Unfortunately, inflation is a constant in the U.S. economy. Though it may slow in times of recession, inflation will steadily eat away at investment gains unless an investor takes specific steps to hedge against the devaluing dollar. There are several strategies to hedge against inflation, and, while no investment is perfect, the following actions will help protect a portfolio from devaluation in times of high inflation.
Invest in Gold
Gold has consistently maintained its value in terms of real, inflation-adjusted dollars over time. Investing in gold may not make much of a profit, but it will protect an original investment from losing its value in a high-inflation environment. For this reason, the price of gold frequently skyrockets when inflation is on the rise. It is possible to buy gold through mutual funds, though you could also physically purchase gold to keep yourself.
Invest in Commodities
Other than gold, commodities such as oil or agricultural products frequently are good investments in times of high inflation. Because the price of the underlying commodities will rise in nominal dollar terms as inflation rises, the investment is protected against inflation. The easiest way to invest in commodities is to invest in a commodities mutual fund.
Invest in Foreign Currencies
Buying foreign currencies is riskier than buying gold or other commodities, because other nations are not immune to inflationary pressures. However, for the savvy investor willing to do some research, currency arbitrage may be a good investment strategy. There are two keys to successfully buying foreign currencies to hedge against inflation. First, seek out nations with low inflation outlooks, otherwise the investor’s foreign currencies will simply lose value just as the dollar would. Second, buy the currency of countries that have floating exchange rates with the dollar. That will allow the foreign currency to appreciate against the dollar, protecting the investment from inflationary losses.
Invest in Treasury Inflation-Protected Assets (TIPS)
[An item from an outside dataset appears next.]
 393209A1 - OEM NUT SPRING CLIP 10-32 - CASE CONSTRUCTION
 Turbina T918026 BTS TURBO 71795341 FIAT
Unlike the previous three strategies, which generally involve taking investments out of the U.S. dollar, investing in treasury inflation-protected securities (TIPS) is a way to protect your investments in times of high inflation, while keeping investments in the dollar. These TIPS bonds are issued by the U.S. government, and their interest rates are tied to the current rate of inflation. Thus, as inflation rises, the yield on TIPS investments rises as well, protecting the investor’s assets from being devalued by inflation. TIPS may be purchased individually or through a mutual fund.